The Investment Management Association dismisses the “insurance industry model” for personal accounts as a “lottery” and backs the Pension Commission’s proposals for a centrally administered personal accounts scheme.

It says default fund provision based on competing branded providers could create “a lottery” of uneven outcomes for savers as they are forced to choose the default fund for their money.

It proposes establishing an independent NPSS board to take on the responsibility of looking after scheme members.

Unlike the ABI, the IMA says employers should not be given any choice over provider. It says an unbundled, platform-style scheme would ensure that asset management companies, selected by the board, do not have to provide administration.

The platform would build on the Government system used to administrate National Insurance to minimise admin costs and reduce the need for employers to link up with a new system. Most people would be channelled into a fully diversified default fund. This would effectively be a multi-manager fund with a diverse range of assets and investment styles and a number of different investment managers.

The NPSS platform would allow as much choice of NPSS and third-party funds for those not taking the default option or as little choice, as in the default fund, as required.

Asset managers would be appointed through open competition with regular re-bidding.

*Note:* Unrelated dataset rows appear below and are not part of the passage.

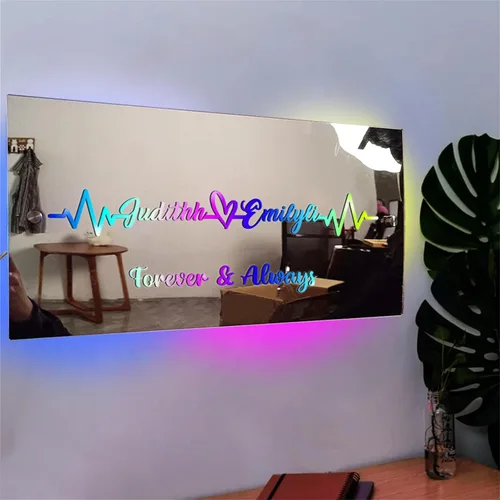Vista 24 de Espejo de barra de nombre LED personalizado, letreros de neón iluminados para decoración de pared para bar en casa, día de San Valentín y regalos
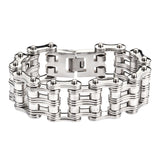 Sk1140 1’’ Wide All Stainless Steel Unisex Motorcycle Chain Bracelet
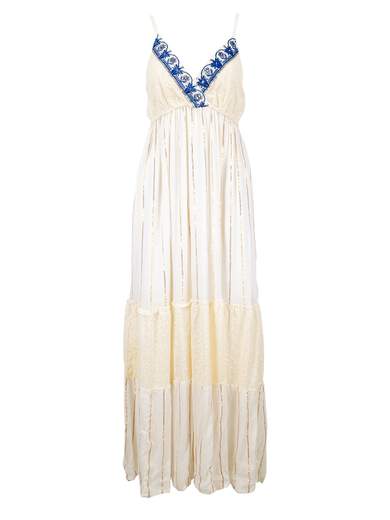 Boho Italia Women’s long dress in viscose with broderie anglaise and crochet BHI9902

Underperforming managers would be replaced.

Like the ABI, the IMA proposes safeguarding existing pension provision with a cap on contributions and restrictions on transfers into the scheme.

It also believes that the NPSS board and competitive forces would help keep ann- ual charges between 0.3 per cent and 0.5 per cent. This does not include admin costs, which it fails to predict in the submission.

Spokeswoman Mona Patel says: “The insurance industry’s proposal creates a lottery for savers who have to make difficult decisions about what default fund they want to be put into. The onus is too much on the individual and the insurance industry’s proposal also fails to figure in the cost of advice.”

An ABI spokesman says: “It is interesting that the IMA does not talk about administration costs. You cannot take asset management costs in isolation. Our model provides competition and choice for consumers which will help drive down costs and improve service for customers.”